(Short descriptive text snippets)
=== Section Start ===

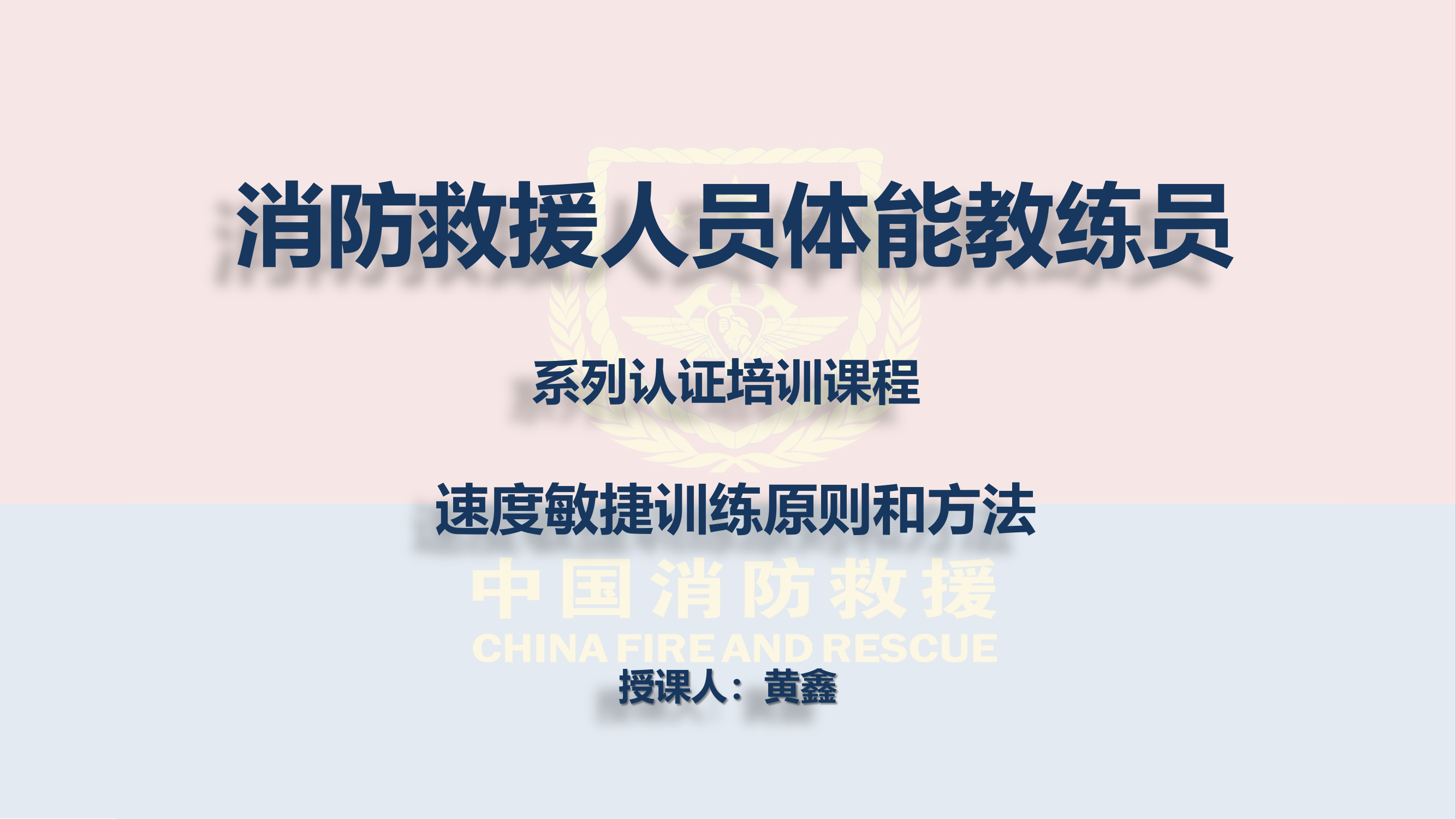 5、速度敏捷训练原则与方法 第1页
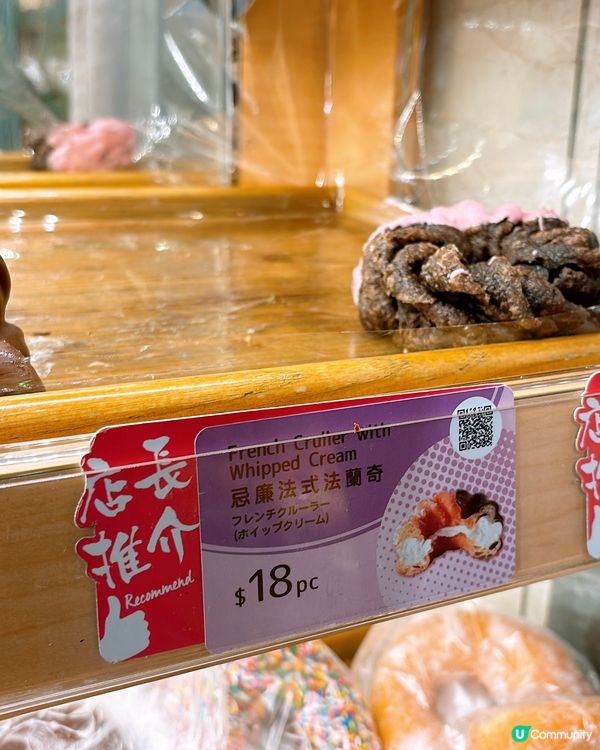 🎏A-1 Bakery發現‼️撞晒款嘅忌廉法蘭奇🍩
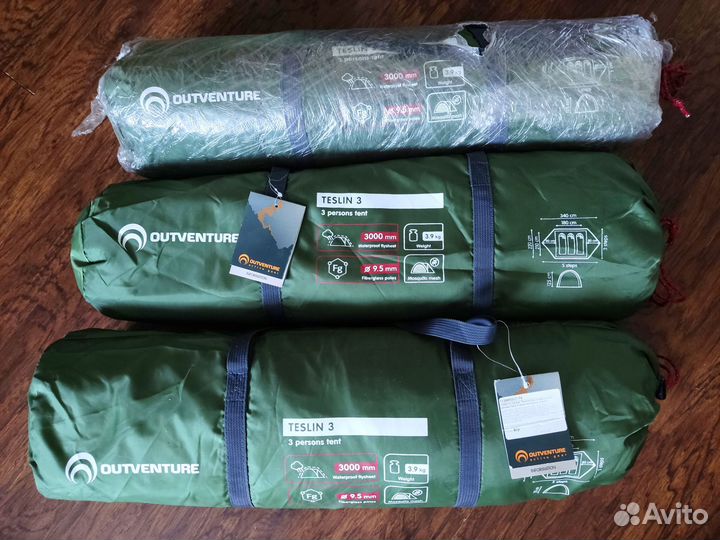 Спальники и палатки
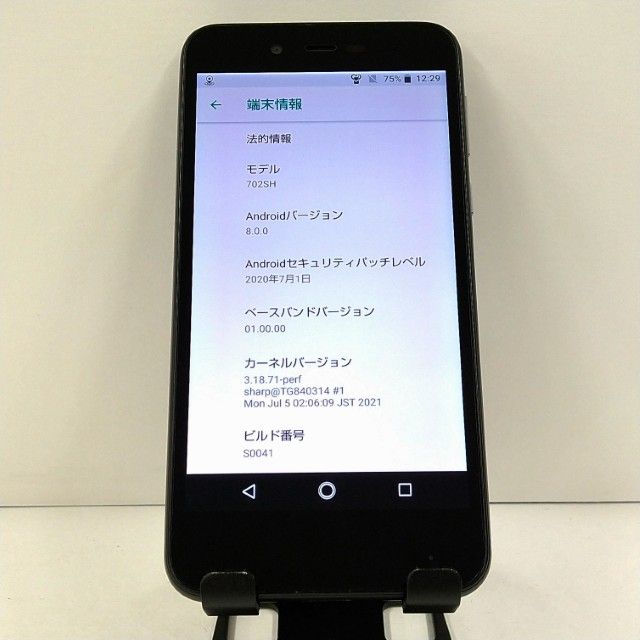 AQUOS sense basic 702SH SoftBank �֥�å� c22090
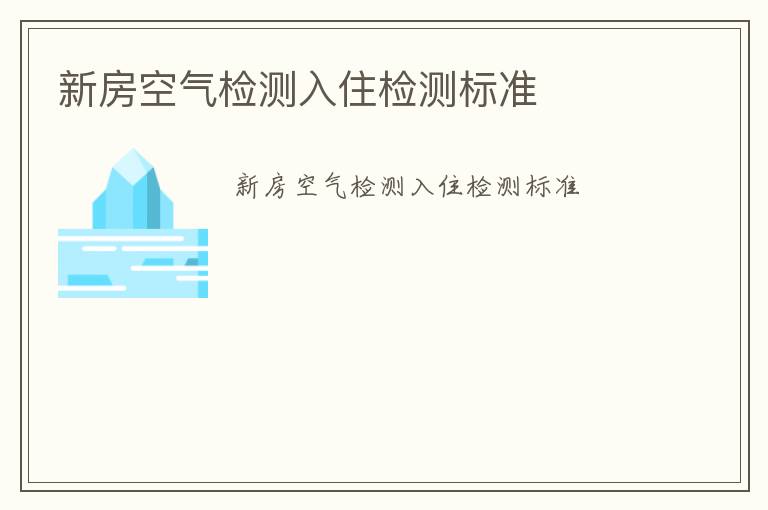 新房空氣檢測入住檢測標準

=== Section End ===

* **What is expected**: Write out all the entries again, word for word, and print no images.

* **Written answer**:
 5、速度敏捷训练原则与方法 第1页
 🎏A-1 Bakery發現‼️撞晒款嘅忌廉法蘭奇🍩
 Спальники и палатки
 AQUOS sense basic 702SH SoftBank �֥�å� c22090
 新房空氣檢測入住檢測標準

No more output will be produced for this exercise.